Posted on 9 August 2021 by Ryan Dahlman

Vanessa Gauvin at camp this summer.

Forgive Vanessa Gauvin if she is rather happy these days. 

She is one of the new counsellors at Camp Shagabec is loving her job.

Gavin has studied to become a nurse, but is also known for her musical prowess and has released a lot of original music as a gifted musician, singer/songwriter. Now add a guest music teacher/counsellor at Camp Shagabec, that is, thanks to a grant through Sask Arts.

Camp Shagabec is a summer camp located in the Cypress Hills. It has participants anywhere from the age of 5 all the way to 18 had advertised for a musical artist to act as a counsellor/music teacher and she went for it. It was all from SK Arts to cover the musician’s wage at camp, and MusicCounts Canada for their donation of $15,000 of brand new instruments.

“I had never been to Camp Shagabec, I had never been to a summer camp in my life,” explains the amiable Gauvin. “I have a lot of friends who went to Camp Shagabec and they contacted me to work with Camp Shagabec and take advantage of this opportunity.

“They had a call out for artists to get involved with them for this grant program.”
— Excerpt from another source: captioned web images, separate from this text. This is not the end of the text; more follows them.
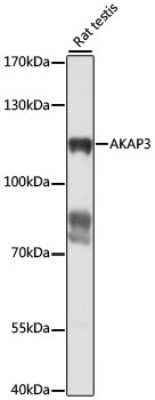 Western Blot: AKAP3 AntibodyAzide and BSA Free [NBP2-92321]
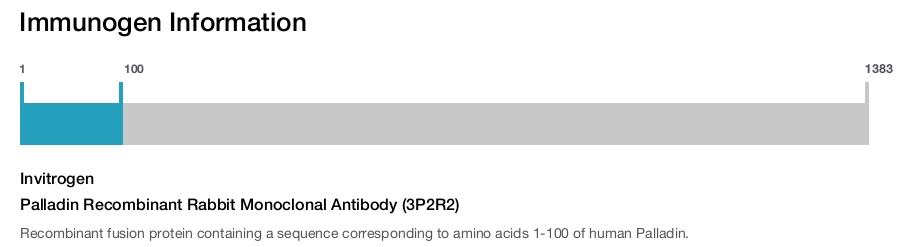 Palladin Recombinant Rabbit Monoclonal Antibody (3P2R2)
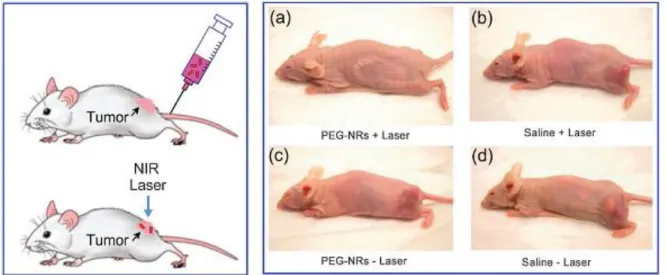 Figure 1.4 displays the example of successful treating of an implanted tumor in mice (15)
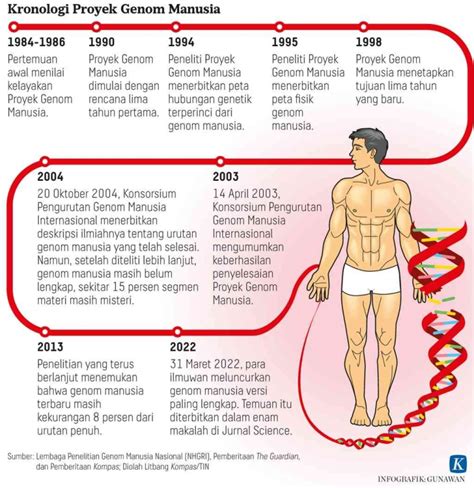 Proyek Genom Manusia - Wikipedia bahasa Indonesia, ensiklopedia … - muktibox.com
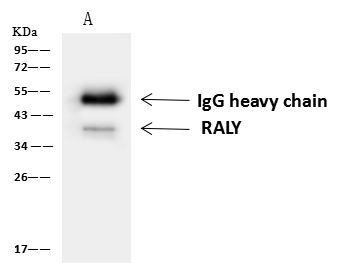 RALY Antibody in Immunoprecipitation (IP)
Originally formed and known as the Swift Current United Church Camp in 1938 but then was changed to Shagabec using the first letters of the names of the original cam leader who were from Abbey, Aneroid, Bracken, Consul, Eastend, Hazenmore, Governlock, and Swift Current. The camp remains popular and was sold out of space. They are now accepting registrations for next year. 
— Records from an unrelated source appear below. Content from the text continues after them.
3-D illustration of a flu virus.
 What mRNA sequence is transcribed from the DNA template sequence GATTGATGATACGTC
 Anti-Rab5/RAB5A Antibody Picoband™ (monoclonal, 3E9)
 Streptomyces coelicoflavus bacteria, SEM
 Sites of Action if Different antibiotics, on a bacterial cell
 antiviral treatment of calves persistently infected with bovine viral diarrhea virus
Gaunvin is grateful for the camp’s administration for giving her the opportunity and she is taking full advantage of it. On her downtown, she continues to write new music and garners a lot from the new and fascinating people she has met.

“The idea is to Introduce music to the kids and to showcase a local musician making music and use it as an inspiration fro those who like music. I don’t have a lot of time to like actually teach like composition and teach like a full song, and perform the song,” explains Gauvin. “The opportunities the kids get is that they see me play a song which gets them very excited. I have been doing a ukulele workshop the first day. All the kids go through, I am with them for about an hour and then we switch over to something else.”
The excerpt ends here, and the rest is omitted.